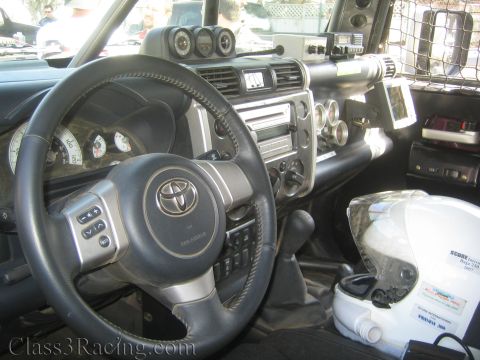 1990 Ford Bronco - Interior of a Toyota FJ Cruiser showing the steering wheel with Toyota logo, dash gauges, a CB radio and a white helmet.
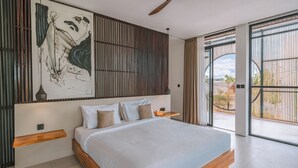 A modern bedroom with a large bed, a ceiling fan, a wooden headboard, and a large window with a view of the outdoors.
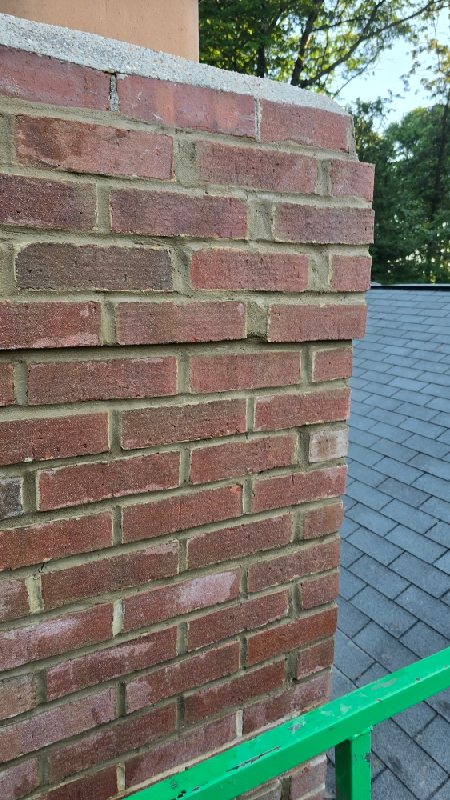 Red brick wall with mortar joints, Rose Restoration project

| Task goal |
Each line of the listing is to be retyped exactly, and its pictures are to be dropped.

| Task solution |
 1990 Ford Bronco - Interior of a Toyota FJ Cruiser showing the steering wheel with Toyota logo, dash gauges, a CB radio and a white helmet.
 A modern bedroom with a large bed, a ceiling fan, a wooden headboard, and a large window with a view of the outdoors.
 Red brick wall with mortar joints, Rose Restoration project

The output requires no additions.